Hi,
I am using Kafka Spark cluster for real time aggregation analytics use case
in production.
Cluster details
6 nodes, each node running 1 Spark and kafka processes each.
Node1 -> 1 Master , 1 Worker, 1 Driver,
1 Kafka process
Node 2,3,4,5,6 -> 1 Worker prcocess each 1
Kafka process each
Spark version 1.3.0
Kafka Veriosn 0.8.1
I am using Kafka Directstream for Kafka Spark Integration.
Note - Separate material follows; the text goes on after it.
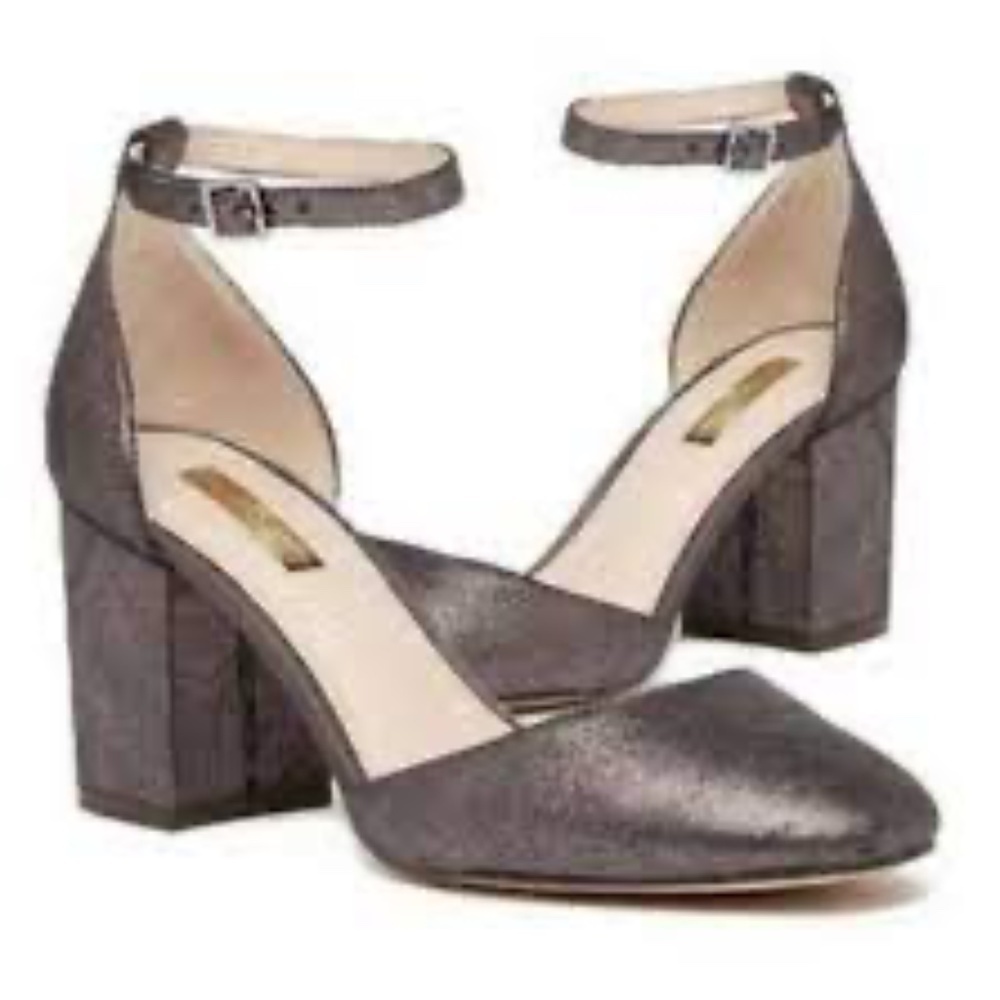 Louise et Cie Idina Ankle Strap Heel Pumps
Analytics code is written in using Spark Java API.
Problem Statement :
I want to accept a paramter as command line argument, and pass on to
the executors.
(want to use the paramter in rdd.foreach method which is executed on
executor)
I understand that when driver is started, only the jar is transported
to all the Workers.
But i need to use the dynamically passed command line argument in the
reduce operation executed on executors.
Code Snippets for better understanding my problem :
public class KafkaReconcilationJob {
private static Logger logger =
Logger.getLogger(KafkaReconcilationJob.class);
public static void main(String[] args) throws Exception {
CommandLineArguments.CLICK_THRESHOLD =
Integer.parseInt(args[12]);
-------------------------------------------------------> I want to use this
command line argument
}
}
JavaRDD<AggregatedAdeStats> adeAggregatedFilteredData =
adeAudGeoAggDataRdd.filter(new Function<AggregatedAdeStats, Boolean>() {
@Override
public Boolean call(AggregatedAdeStats adeAggregatedObj) throws Exception {
if(adeAggregatedObj.getImpr() > CommandLineArguments.IMPR_THRESHOLD ||
adeAggregatedObj.getClick() > CommandLineArguments.CLICK_THRESHOLD){
return true;
}else {
return false;
}
}
});
The above mentioned Filter operation gets executed on executor which has 0
as the value of the static field CommandLineArguments.CLICK_THRESHOLD
Regards,
Gaurav
|